RE: File formats for the secure export/import of Verified Credentials?

Small correction: As email attachments, *.vcred* files can be used for sending and receiving verifiable documents of all sorts; more specifically, as examples, meeting requests and contact information.

From: Michael Herman (Trusted Digital Web) <mwherman@parallelspace.net>
Sent: February 3, 2021 9:07 AM
To: Wayne Chang <wyc@fastmail.fm>; Leonard Rosenthol <lrosenth@adobe.com>; W3C Credentials CG <public-credentials@w3.org>
Subject: RE: File formats for the secure export/import of Verified Credentials?

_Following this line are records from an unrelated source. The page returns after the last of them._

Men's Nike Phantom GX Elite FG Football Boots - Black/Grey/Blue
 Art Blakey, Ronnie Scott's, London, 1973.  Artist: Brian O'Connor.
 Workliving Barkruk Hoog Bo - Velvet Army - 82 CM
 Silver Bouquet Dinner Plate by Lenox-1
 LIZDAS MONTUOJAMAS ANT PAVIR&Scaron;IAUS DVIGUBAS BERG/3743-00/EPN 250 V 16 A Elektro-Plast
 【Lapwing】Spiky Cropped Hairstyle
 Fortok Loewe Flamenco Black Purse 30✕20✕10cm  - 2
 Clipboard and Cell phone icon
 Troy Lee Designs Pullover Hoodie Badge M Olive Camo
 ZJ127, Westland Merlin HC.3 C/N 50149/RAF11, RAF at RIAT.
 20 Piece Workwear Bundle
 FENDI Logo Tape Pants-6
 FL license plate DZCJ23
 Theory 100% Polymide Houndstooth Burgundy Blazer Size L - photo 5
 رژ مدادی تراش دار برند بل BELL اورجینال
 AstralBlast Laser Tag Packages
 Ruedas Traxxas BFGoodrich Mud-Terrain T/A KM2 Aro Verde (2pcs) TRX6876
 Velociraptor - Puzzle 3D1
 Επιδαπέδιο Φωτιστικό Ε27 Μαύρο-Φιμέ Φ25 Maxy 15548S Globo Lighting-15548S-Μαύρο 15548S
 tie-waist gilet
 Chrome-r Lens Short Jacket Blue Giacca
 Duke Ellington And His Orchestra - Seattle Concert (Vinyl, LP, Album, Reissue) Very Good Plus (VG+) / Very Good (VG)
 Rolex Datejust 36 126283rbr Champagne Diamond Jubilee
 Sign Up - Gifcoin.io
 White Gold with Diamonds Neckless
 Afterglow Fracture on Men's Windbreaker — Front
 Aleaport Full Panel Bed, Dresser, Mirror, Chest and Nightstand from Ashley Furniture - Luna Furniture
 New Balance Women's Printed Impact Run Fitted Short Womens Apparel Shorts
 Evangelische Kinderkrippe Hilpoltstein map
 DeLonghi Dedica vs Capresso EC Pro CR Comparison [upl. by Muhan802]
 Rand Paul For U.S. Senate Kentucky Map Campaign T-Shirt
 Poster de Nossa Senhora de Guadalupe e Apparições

Wayne, your comments suggested to me the following inspirations/possibilities:


  1.  As email attachments, .vcard files can be used for sending and receiving verifiable documents of all sorts; more specifically, as examples, meeting requests and contact information. See the attached mocked up attachments (copies of the vc_example.vcred file).  This conversation is timely as I figure out the next steps: the key infrastructure.  A .vcred uses symmetric encryption for the payload.  The symmetric encryption key is encrypted using asymmetric encryption and is also part of the .vcred.  A different set of asymmetric key pairs are generated for every file for the time being. The intent is to password encrypt these key pairs somehow and include them as part of the payload – given there is no universal, free KMS solution available.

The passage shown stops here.